Analyse
Est-ce que les espions règnent sur le
monde ?
Israël Adam Shamir
Israël
Adam Shamir
Jeudi 23 mai 2019
L'excellent valet de Mr Wooster, le
célèbre Jeeves [des romans de P.
G. Wodehouse], avait un as caché dans sa
manche: si les choses tournaient mal, il
se servait des dossiers du Club
Junior Ganymede, et là, il
pouvait trouver de la matière
compromettante contre toute personne
ayant pu jadis employer un valet ou un
majordome, parce que ces gentlemen au
service des autres gentlemen étaient
obligés d'inscrire dans le livre du club
tous les exploits imprudents de leurs
maîtres.

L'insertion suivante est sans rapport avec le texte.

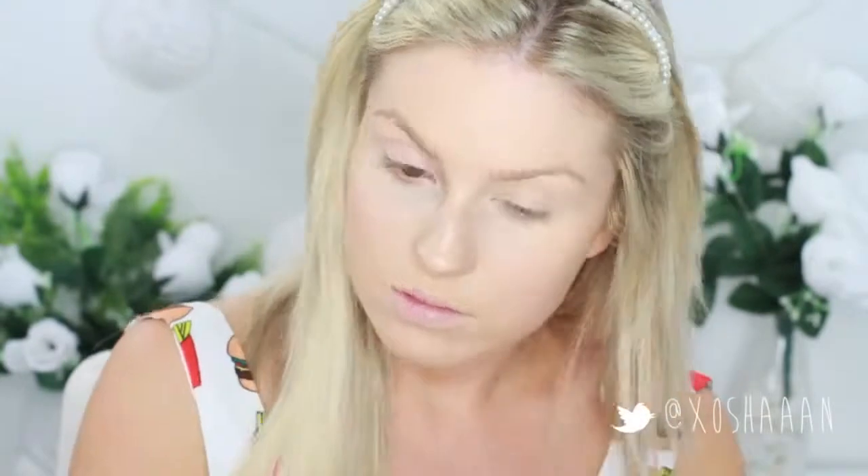And then I'm going to go in with a face powder and just set everything so it lasts all day long.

Grâce à ces renseignements de
l'intérieur, Jeeves avait pu sauver son
piètre maître, Mr Bertie Wooster, de
l'opprobre. Jeeves était quelqu'un de
modeste, et loyal comme un vassal à son
maître étourdi; il en allait de même
pour d'autres membres du club. Ils
n'essayaient pas de faire du livre en
question un outil de manipulation sur
l'Angleterre à partir de Buckingham
Palace. Ceci étant, nous vivons à l'âge
des grandes ambitions, peu portées aux
loyautés excessives. Les valets,
majordomes et autres gardes du corps ont
mis en commun leurs forces et ont décidé
de faire leur loi dans le monde entier.
Les écrivains férus de conspirations ont
envisagé le gouvernement mondial de
l'ombre comme un bureau de méchants "sages"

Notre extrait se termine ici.